=== Begin Enclosure ===

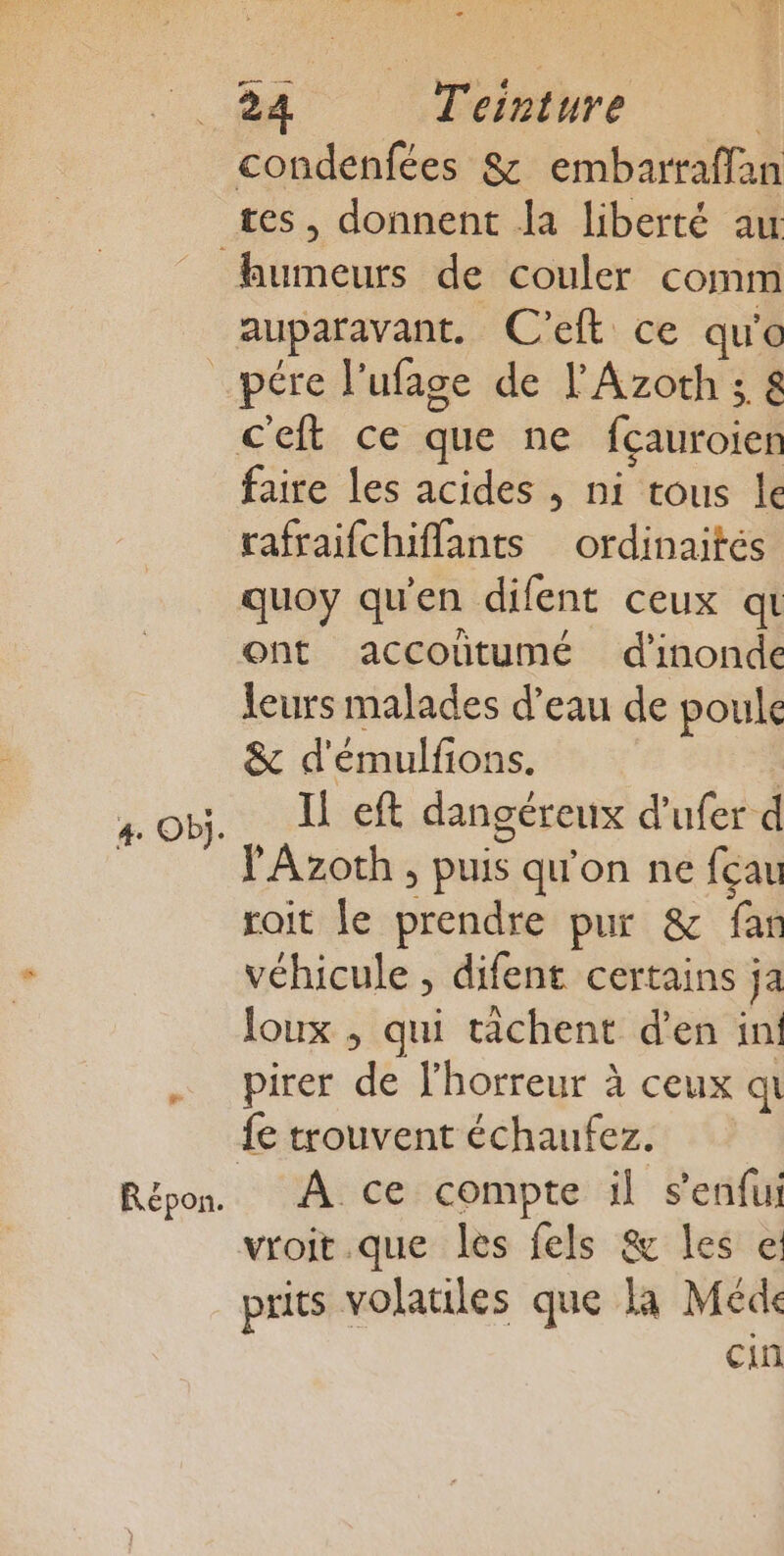 tes, donnent Ja liberté au auparavant. C'eft ce qu'o 4 Obÿ. &amp; Répon. faire les acides , ni tous le rafraifchiffants ordinaités quoy qu'en difent ceux qt Ont accoutumé d'inonde leurs malades d’eau de poule &amp; d'émulfions. | Il eft dangéreux d’ufer d Y'Azoth , puis qu'on ne fçau roit le prendre pur &amp; far véhicule , difent certains ja loux , qui tâchent d'en in! pirer de l'horreur à ceux qi fe trouvent échaufez. A ce compte il s’enfui vroit.que les fels &amp; les e: prits volatiles que la Méde cin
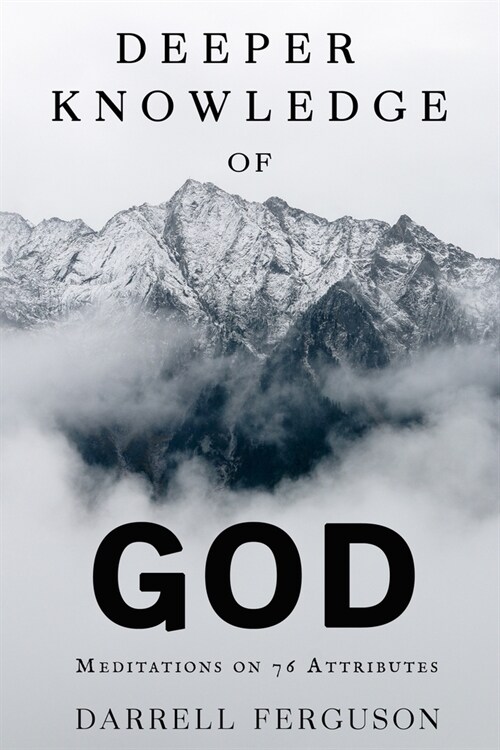 Deeper Knowledge of God: Meditations on 76 Attributes (Paperback)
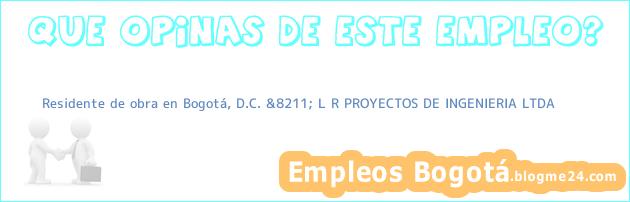 Residente de obra en Bogotá, D.C. &8211; L R PROYECTOS DE INGENIERIA LTDA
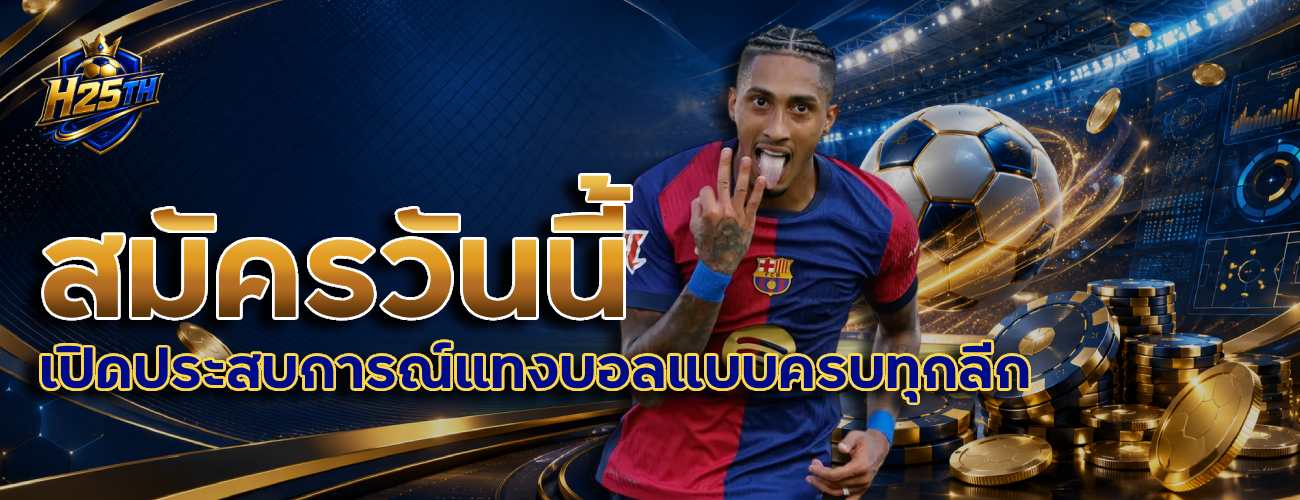 สมัครวันนี้ เปิดประสบการณ์แทงบอลแบบครบทุกลึก banner h25th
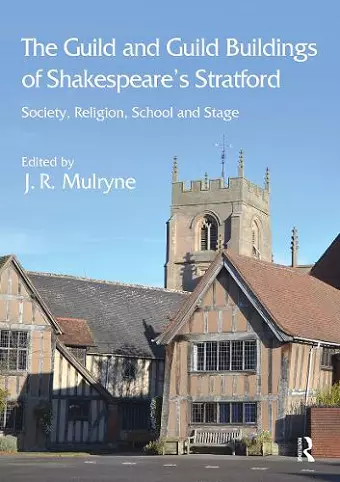 The Guild and Guild Buildings of Shakespeare's Stratford cover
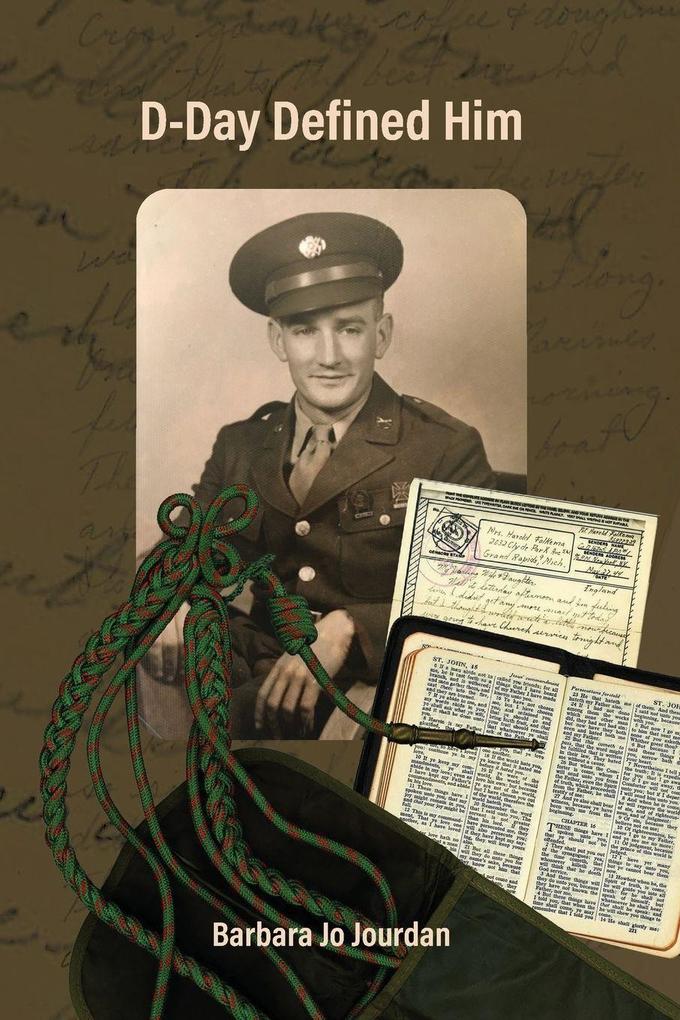 D-Day Defined Him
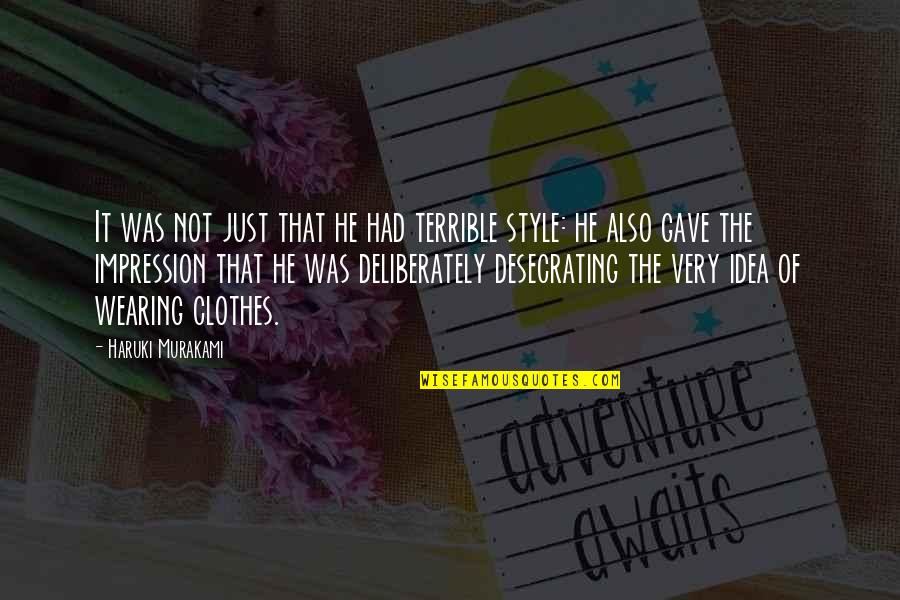Deliberately Quotes By Haruki Murakami: It was not just that he had terrible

=== End Enclosure ===

### PROBLEM
Everything from the line containing "The Guild and" through the end of the data should be printed exactly, line for line, except the pictures.

### RESPONSE AREA
 The Guild and Guild Buildings of Shakespeare's Stratford cover
 D-Day Defined Him
Deliberately Quotes By Haruki Murakami: It was not just that he had terrible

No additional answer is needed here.